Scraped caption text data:

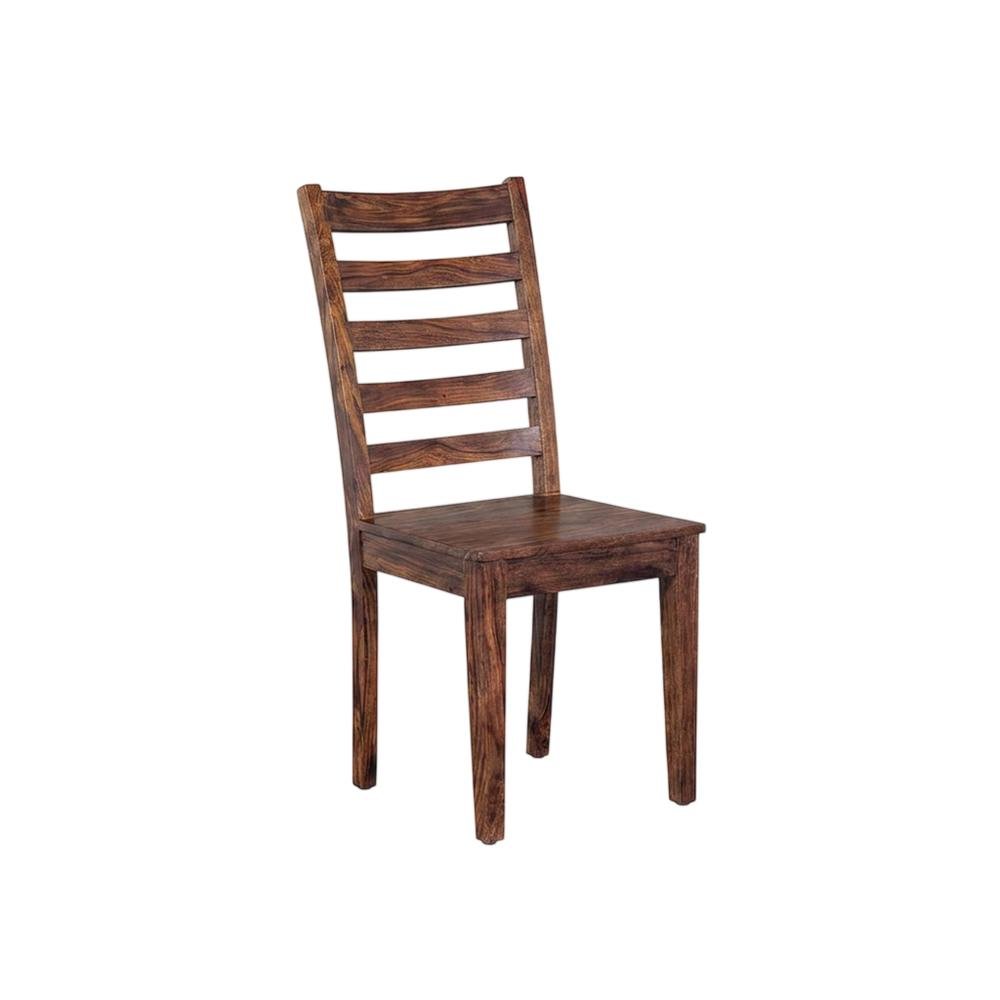 Solid Sheesham Wood Modern Farmhouse Dining Chair for Kitchen or Dining Room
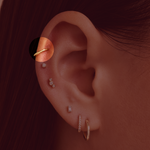 Piercings helix en or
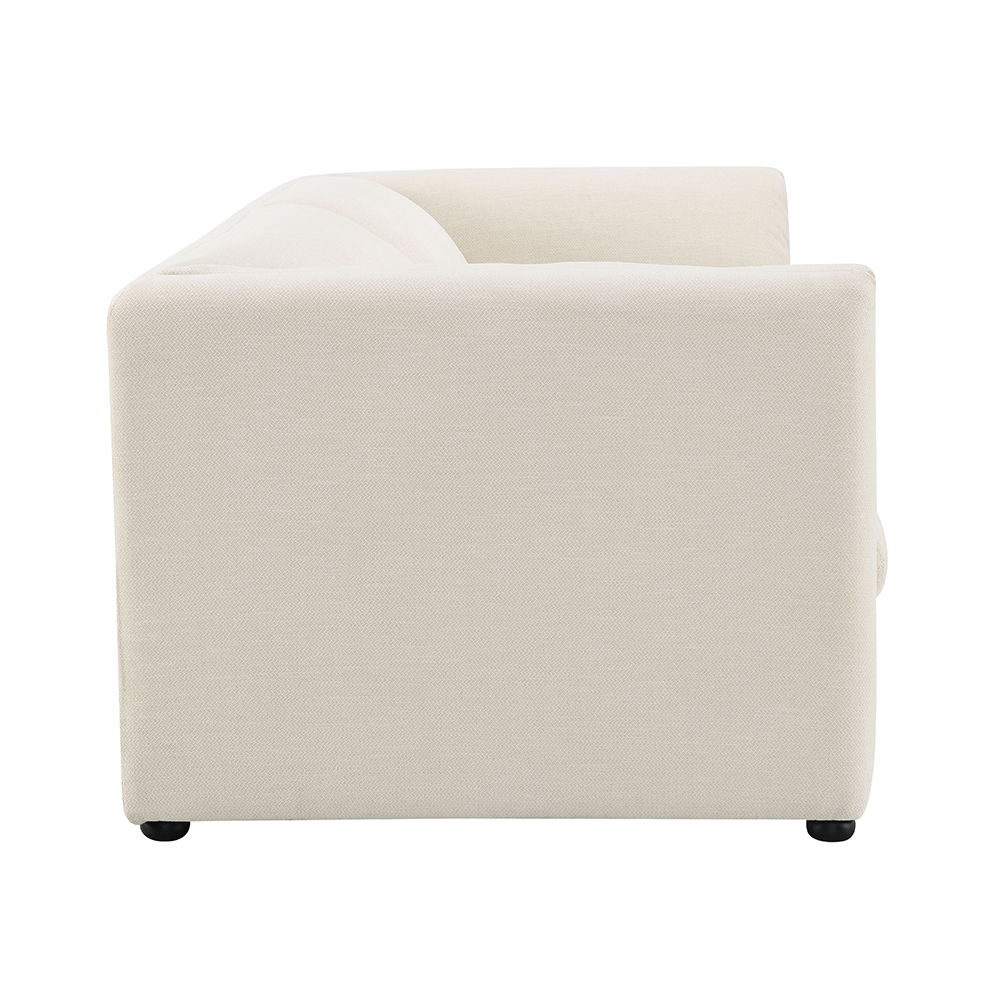 Jaeda - Loveseat - Beige Linen, beige, view 3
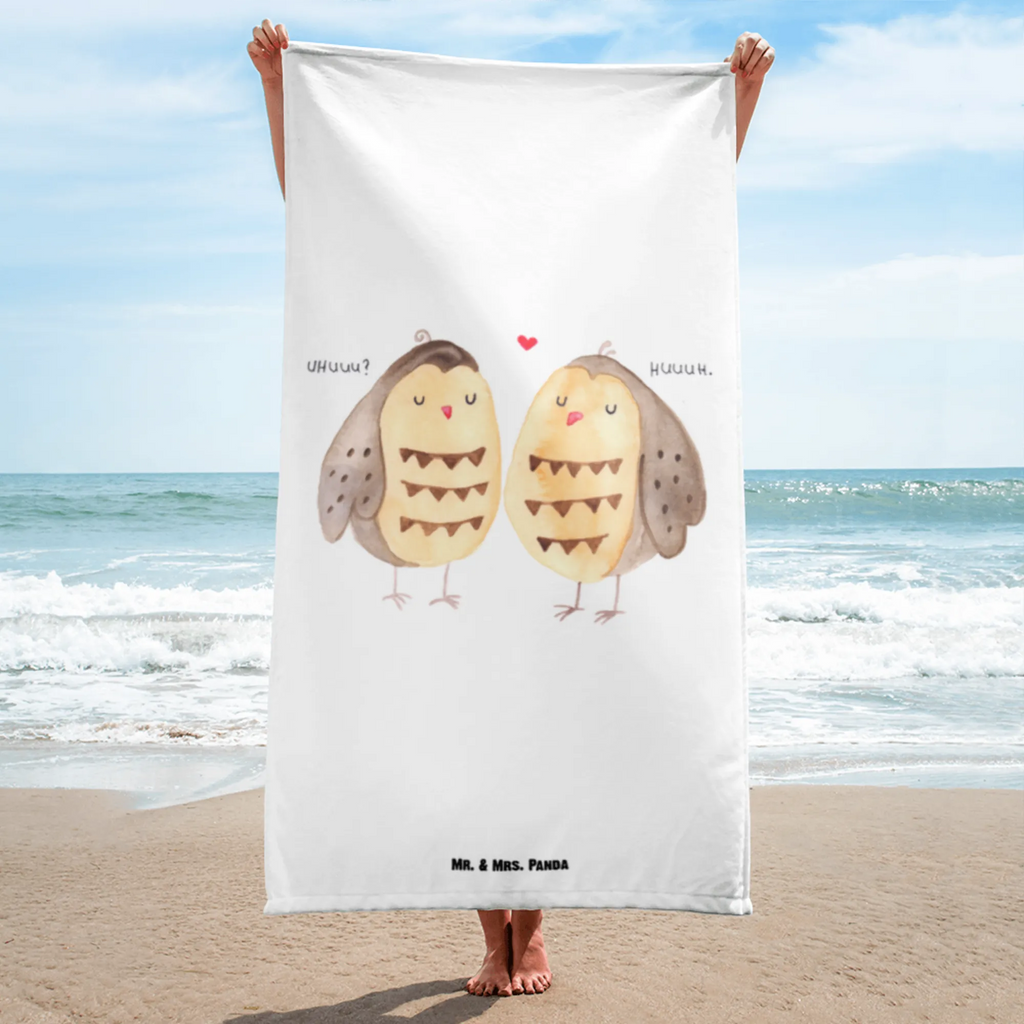 XL Badehandtuch Eulen Liebe Handtuch, Badetuch, Duschtuch, Strandtuch, Saunatuch, Eule, Eule Deko, Liebe, Hochzeit Spruch, Owl, All you need is love, Liebe Spruch, Freundin Geschenk, Freund, Wortspiel lustig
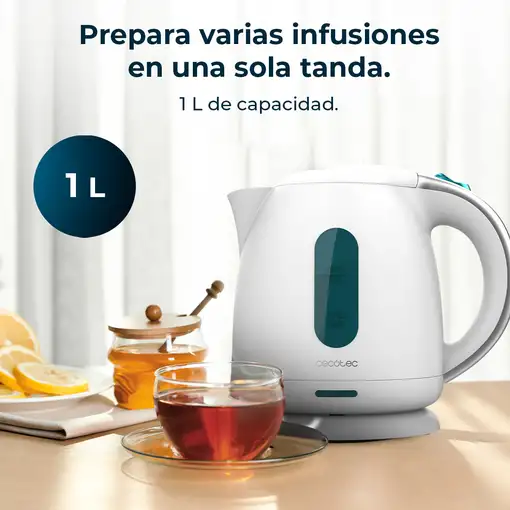 Cecotec Thermosense 140 tetera eléctrica 1 L 2200 W Blanco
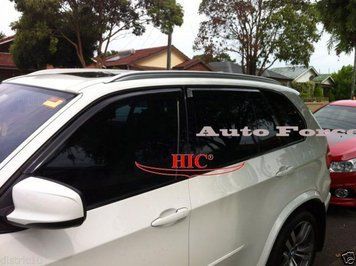 Дефлекторы окон (ветровики) BMW X5 E70 2007-2013 (HiC) 00-00003318 фото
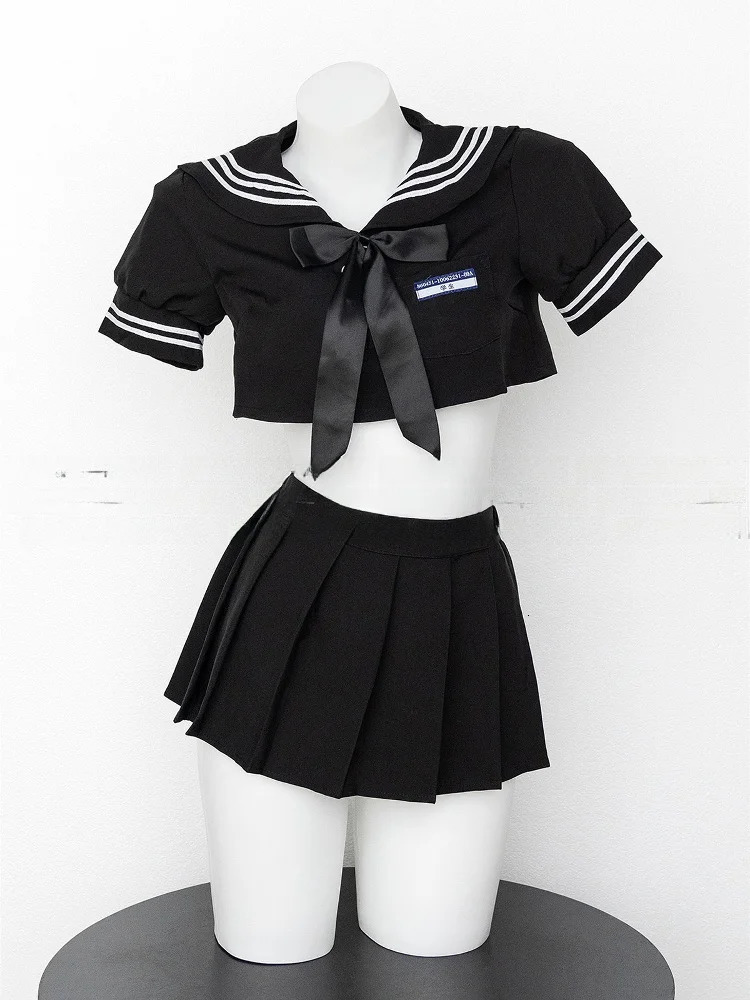 Cute Sailor Collar orm Skirt Set Sexy School Girl Costume Polyester Fabric Outfit Anime Cosplay Clothing 250729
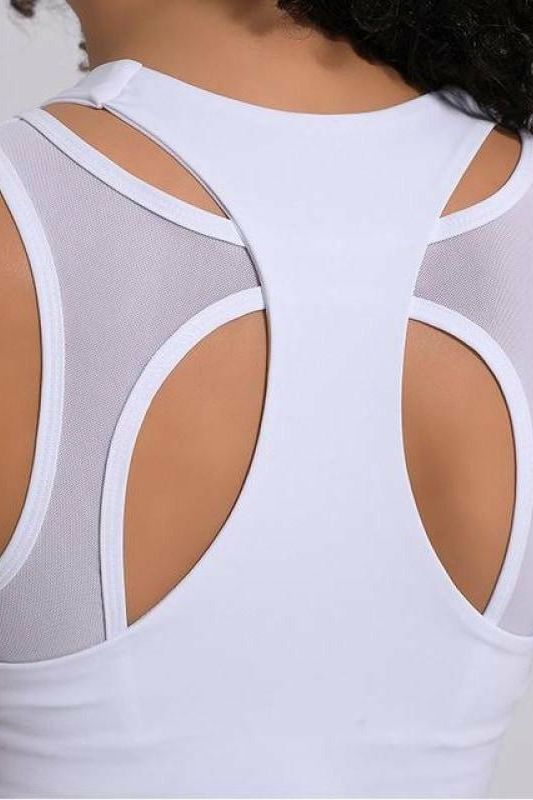 Racerback Tank Hollow Out Yoga Top - Fits4Yoga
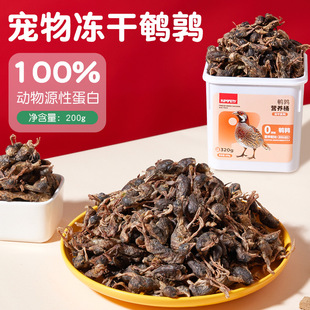 New Freeze-Dried Quail Pet Cat Snacks for Weight Gain, Hair Gills, Calcium Supplement Dog Snacks, Quail Freeze-Dried Food, Dried Meat Cat Food
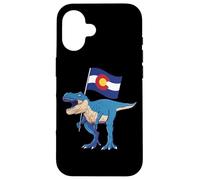 Colorado Dinosaur T-Rex Denver Flag Boulder Ski Hombres Mujeres Carcasa para iPhone 16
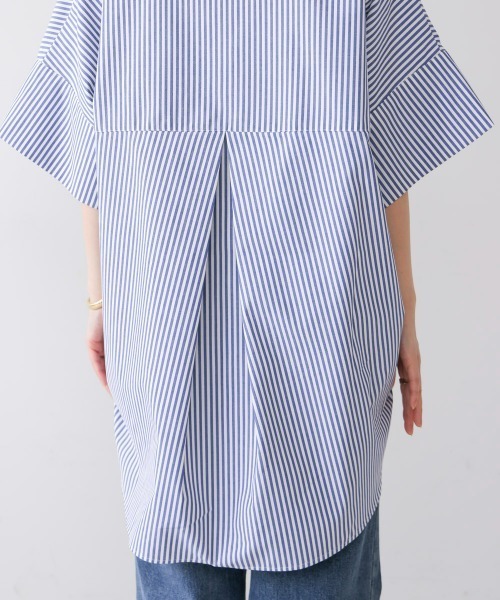 Bou Jeloud（ブージュルード）の「テックコットンオーバーサイズチュニック（チュニック・レディース・オフホワイト/ブルー/キャメル・38）」の16枚目の写真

(What to work on): Write out every entry again word for word, without any of the pictures.

(Answer to the problem):
 Solid Sheesham Wood Modern Farmhouse Dining Chair for Kitchen or Dining Room
 Piercings helix en or
 Jaeda - Loveseat - Beige Linen, beige, view 3
 XL Badehandtuch Eulen Liebe Handtuch, Badetuch, Duschtuch, Strandtuch, Saunatuch, Eule, Eule Deko, Liebe, Hochzeit Spruch, Owl, All you need is love, Liebe Spruch, Freundin Geschenk, Freund, Wortspiel lustig
 Cecotec Thermosense 140 tetera eléctrica 1 L 2200 W Blanco
 Дефлекторы окон (ветровики) BMW X5 E70 2007-2013 (HiC) 00-00003318 фото
 Cute Sailor Collar orm Skirt Set Sexy School Girl Costume Polyester Fabric Outfit Anime Cosplay Clothing 250729
 Racerback Tank Hollow Out Yoga Top - Fits4Yoga
 New Freeze-Dried Quail Pet Cat Snacks for Weight Gain, Hair Gills, Calcium Supplement Dog Snacks, Quail Freeze-Dried Food, Dried Meat Cat Food
 Colorado Dinosaur T-Rex Denver Flag Boulder Ski Hombres Mujeres Carcasa para iPhone 16
 Bou Jeloud（ブージュルード）の「テックコットンオーバーサイズチュニック（チュニック・レディース・オフホワイト/ブルー/キャメル・38）」の16枚目の写真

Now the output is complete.